DATASET ENTRIES =
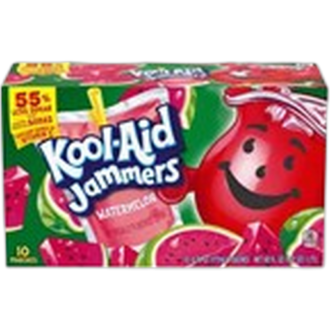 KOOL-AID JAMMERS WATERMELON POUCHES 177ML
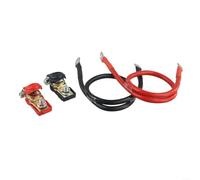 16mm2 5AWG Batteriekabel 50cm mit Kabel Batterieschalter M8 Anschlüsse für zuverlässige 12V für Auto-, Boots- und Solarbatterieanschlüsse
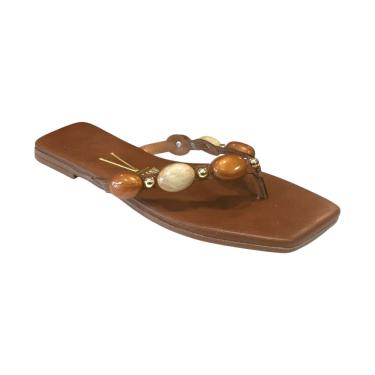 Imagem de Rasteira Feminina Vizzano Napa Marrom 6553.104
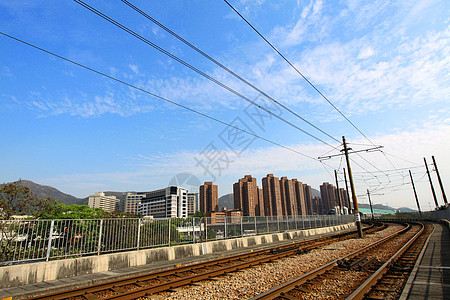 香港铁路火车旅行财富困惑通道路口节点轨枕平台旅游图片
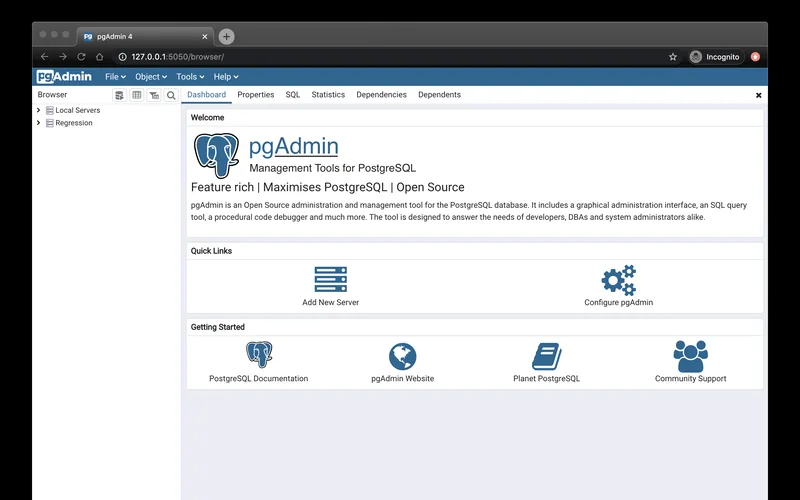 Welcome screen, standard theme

==

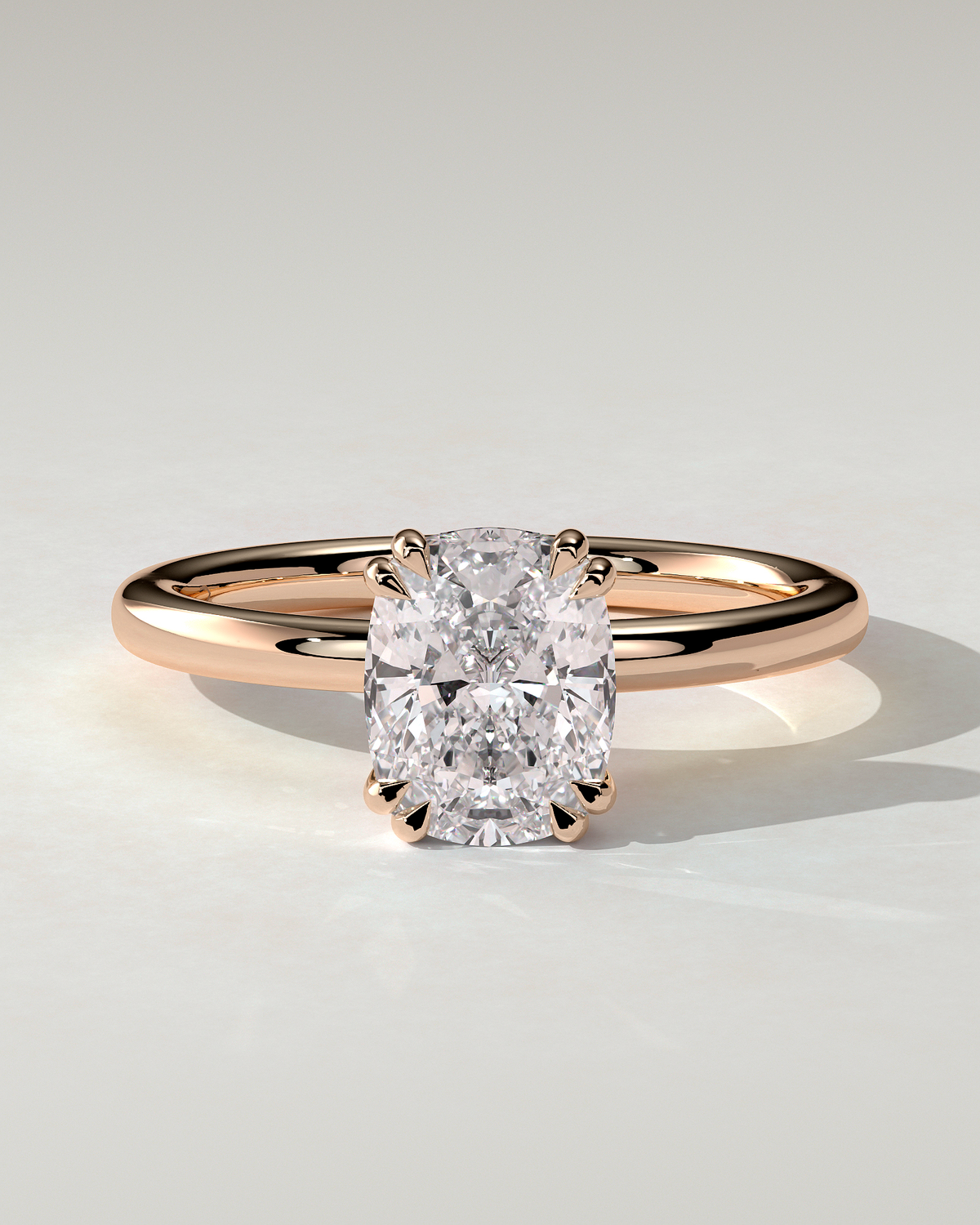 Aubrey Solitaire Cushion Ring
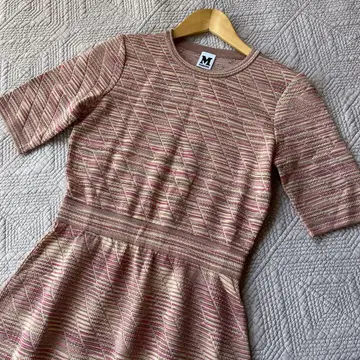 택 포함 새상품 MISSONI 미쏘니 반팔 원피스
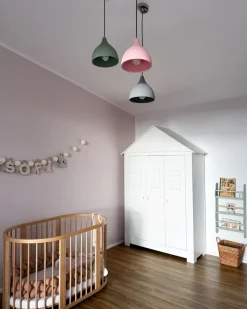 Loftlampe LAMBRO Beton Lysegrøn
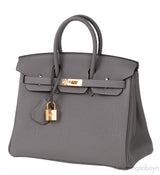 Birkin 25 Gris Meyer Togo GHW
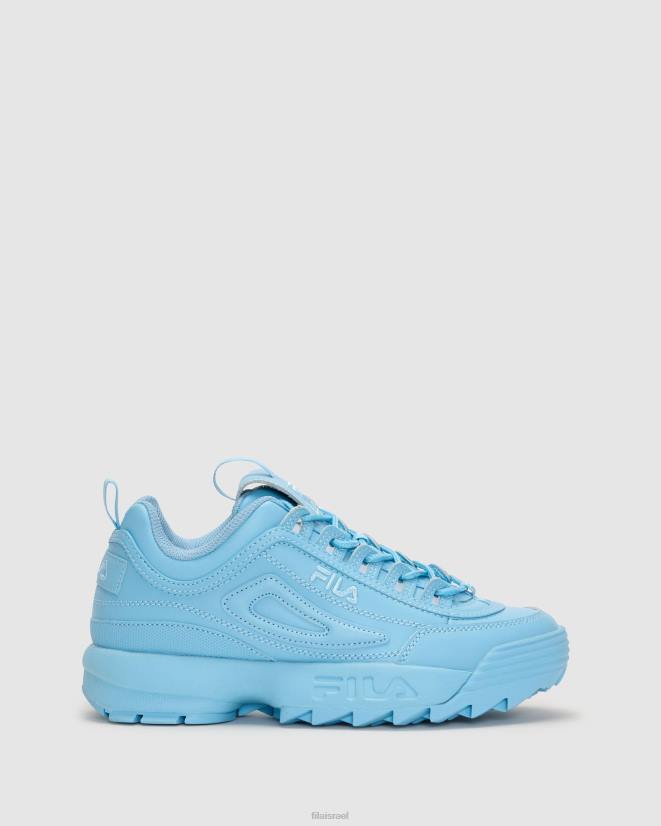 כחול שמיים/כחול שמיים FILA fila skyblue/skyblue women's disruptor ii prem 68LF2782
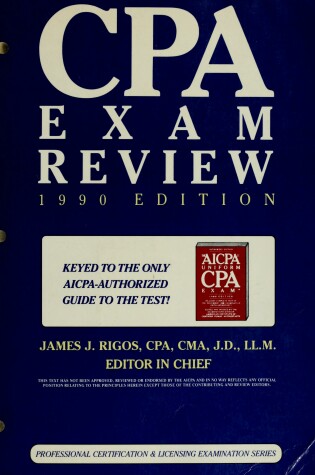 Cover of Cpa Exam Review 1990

TASK ITEM =
Start with the line above containing "택 포함 새상품 MISSONI 미쏘니 반팔 원피스" and end with the line containing "Cover of Cpa Exam Review 1990". Set down that stretch exactly, without any pictures.

SOLUTION FOR THIS PROBLEM =
 택 포함 새상품 MISSONI 미쏘니 반팔 원피스
 Loftlampe LAMBRO Beton Lysegrøn
 Birkin 25 Gris Meyer Togo GHW
 כחול שמיים/כחול שמיים FILA fila skyblue/skyblue women's disruptor ii prem 68LF2782
 Cover of Cpa Exam Review 1990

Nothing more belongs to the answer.